AI as we know them today, will give you the most statistically probable series of data that fit the prompt.
You’re not providing any information on which AI you used so what can we say? For all we know you used a highschoolers senior project trained on failed history essays.I did say which one I used
Oh, I missed it, sorry! I’ve never tried 04 mini myself.
¯\_(ツ)_/¯ would I get downvoted for saying skill issue lol?
I have recently used llms for troubleshooting/assistance with exposing some self hosted services publicly through a VPS I recently got. I’m not a novice but I’m no pro either when it comes to the Linux terminal.
Anyway long story short in that instance the tool (llm) was extremely helpful in not only helping me correctly implement what I wanted but also explaning/teaching me as I went.
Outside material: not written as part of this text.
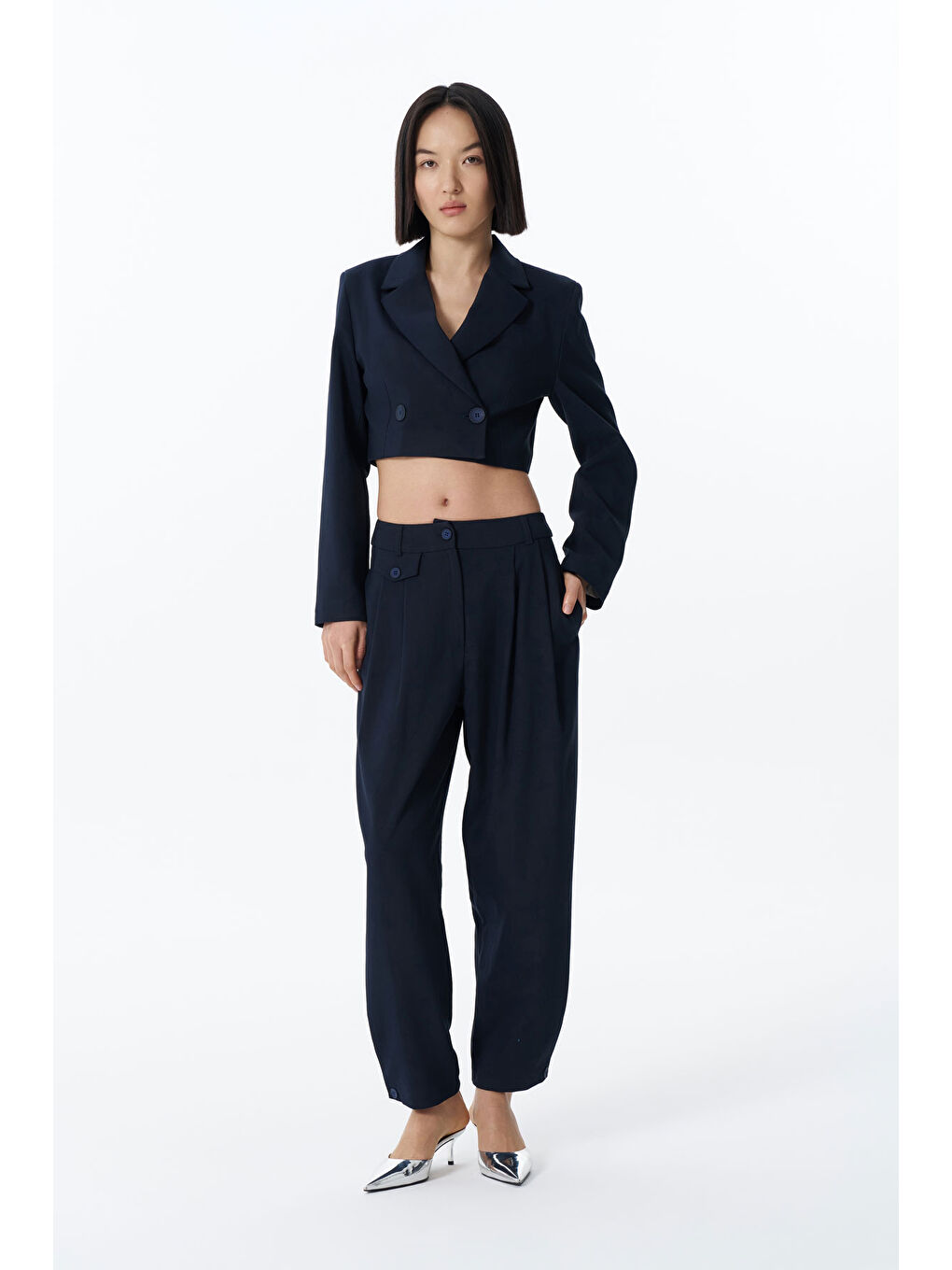 Pile Detaylı  Pantolon Lacivert-3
I find llms are very accurate and helpful for the types of things I use it for.
But to answer your question on why llms can be wrong, it’s because they are guessing machines that just pick the next best word. They aren’t smart at all, they aren’t “ai” they are large language models.
It spouts out generic and outdated answers when asked specific questions, which I can identify as wrong (skill issue, lol).
If you are super confident with using them, maybe you are really not knowledgeable enough about those things. Skill issue, I guess.
There is a lot of hard data showing they are effective tools when used correctly, I realize we are in “FuckAI” and you’re likely biased. Just looks at this whole comment section of people talking about how they use the tools effectively.
I became biased after I used the products. I have no ethical concerns about AI, like most of this community.